Setting Primary care.
Participants Adults with a new or worsening cough or clinical presentation suggestive of lower respiratory tract infection.
Main outcome measures Prescribing of antibiotics by clinicians and total symptom severity scores over time.
Results 3402 patients were recruited (clinicians completed a case report form for 99% (3368) of participants and 80% (2714) returned a symptom diary). Mean symptom severity scores at presentation ranged from 19 (scale range 0 to 100) in networks based in Spain and Italy to 38 in the network based in Sweden. Antibiotic prescribing by networks ranged from 20% to nearly 90% (53% overall), with wide variation in classes of antibiotics prescribed. Amoxicillin was overall the most common antibiotic prescribed, but this ranged from 3% of antibiotics prescribed in the Norwegian network to 83% in the English network. While fluoroquinolones were not prescribed at all in three networks, they were prescribed for 18% in the Milan network. After adjustment for clinical presentation and demographics, considerable differences remained in antibiotic prescribing, ranging from Norway (odds ratio 0.18, 95% confidence interval 0.11 to 0.30) to Slovakia (11.2, 6.20 to 20.27) compared with the overall mean (proportion prescribed: 0.53).
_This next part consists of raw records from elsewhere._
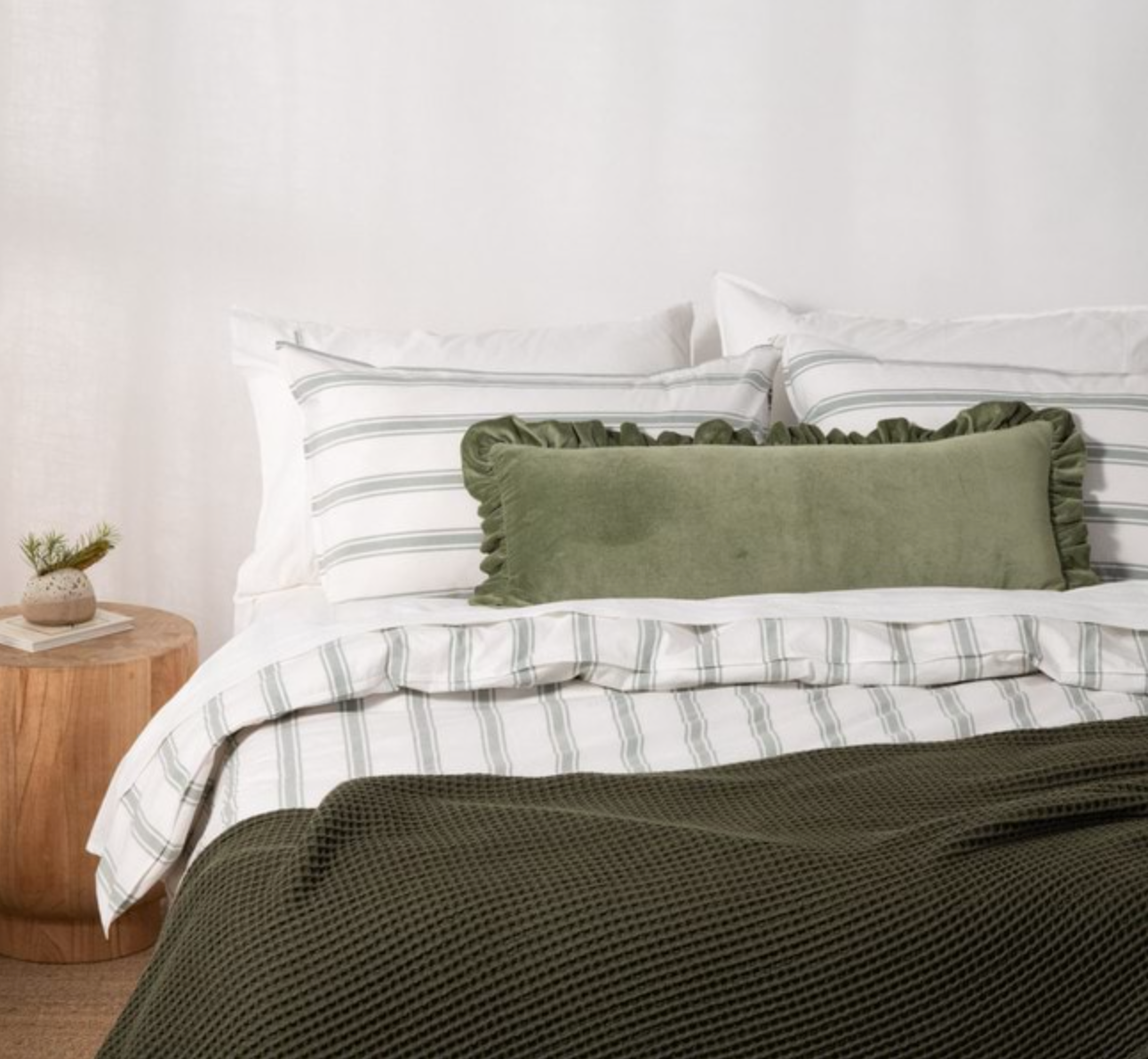 Modella Resort Stripe Quilt Cover Set (Double) - Gum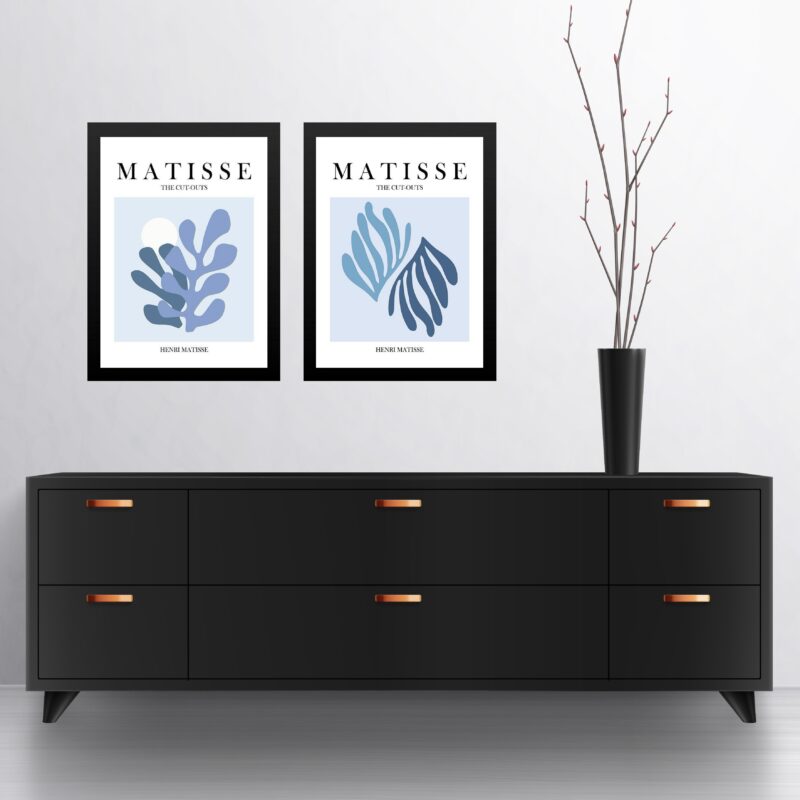 Kit 2 Quadros Gravuras Matisse Degradê Azul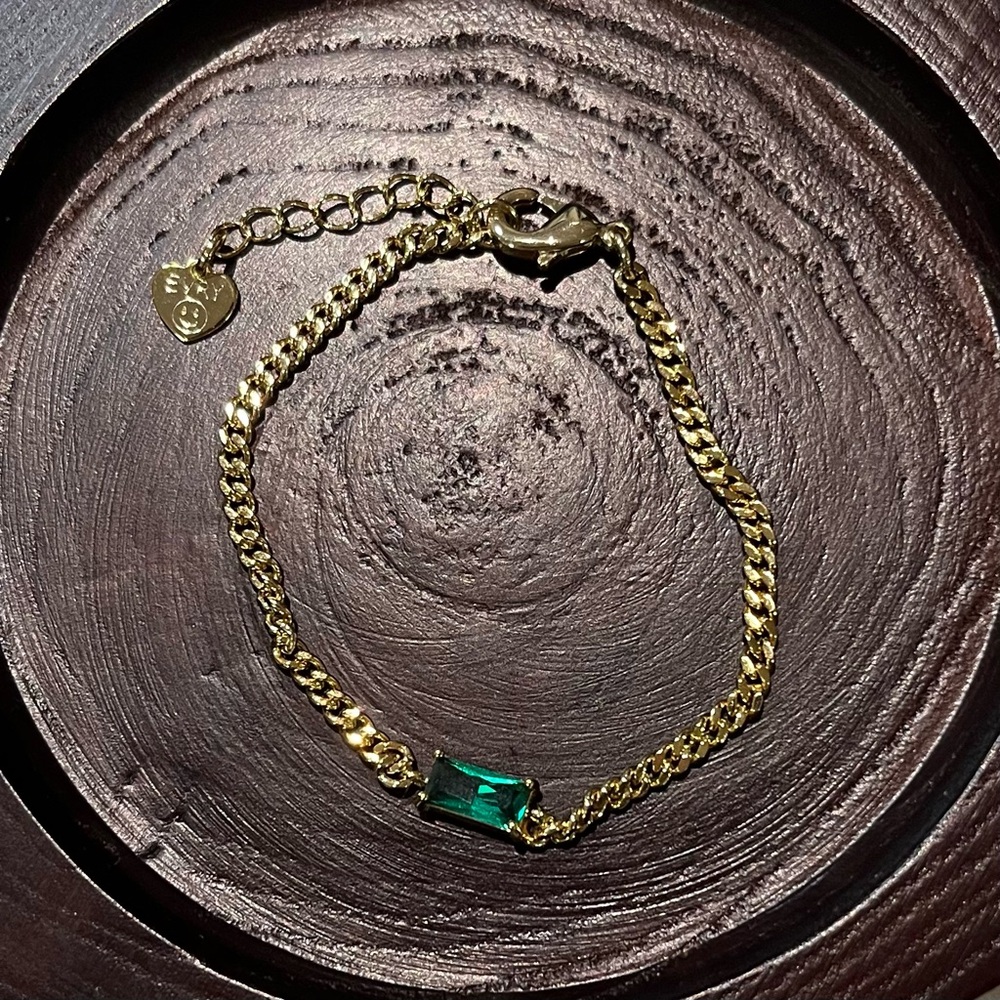 Gold Emerald Bracelet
The rate of recovery was similar for patients who were and were not prescribed antibiotics (coefficient –0.01, P<0.01) once clinical presentation was taken into account.
Conclusions Variation in clinical presentation does not explain the considerable variation in antibiotic prescribing for acute cough in Europe. Variation in antibiotic prescribing is not associated with clinically important differences in recovery.
Trial registration Clinicaltrials.gov NCT00353951 [ClinicalTrials.gov] .
Recruited networks had access to a minimum of 20 000 patients and had a track record of conducting research. A national network coordinator and a national network facilitator took responsibility for their networks set up, recruitment, and data management.
Study materials and procedures
Study materials (protocol, patient diary, and case report form) and study procedures were developed with advice from all networks. The coordinators and facilitators undertook face to face training in study procedures, including entering data on to the GRACE online system (GOS), and cascaded training to all participating general practitioners.
Study documents required by ethics review committees and participants (general practitioners and patients) were translated into local languages. Back translation by independent translators ensured accuracy.
Inclusion criteria
Eligible patients were aged 18 and over who were consulting with an illness where an acute or worsened cough was the main or dominant symptom or had a clinical presentation that suggested a lower respiratory tract infection with a duration of up to and including 28 days, were consulting for the first time within this illness episode, were seen within normal consulting hours, had not previously participated in the study, were able to fill out study materials, had provided written informed consent, and were considered immunocompetent. These broad inclusion criteria captured a wide range of patients with community acquired lower respiratory tract infection. Although almost all patients with this infection have a cough, the additional eligibility criterion of clinical presentation suggestive of lower respiratory tract infection was added to make those with infection but no cough also eligible.
Recruitment of patients
Participating general practitioners were asked to recruit consecutive eligible patients in October and November 2006 and from late January to March 2007. The scheduled two month gap enabled us to explore the effect of possible temporal variations in causes of cough during the winter.
Data collection
Clinicians (general practitioners and nurse practitioners) recorded aspects of patients history, symptoms, comorbidities (diabetes, chronic lung disease, and cardiovascular disease), clinical findings, and management, including antibiotic prescription and other treatments and investigations, on a case report form. They indicated the presence or absence of 14 symptoms (cough, phlegm production, shortness of breath, wheeze, coryza, fever during this illness, chest pain, muscle aching, headache, disturbed sleep, feeling generally unwell, interference with normal activities, confusion/disorientation, and diarrhoea) and then rated whether each of the symptoms constituted "no problem," "mild problem," "moderate problem," or a "severe problem" for the patient. The colour of any sputum produced was recorded as clear, white, yellow, green, or bloodstained.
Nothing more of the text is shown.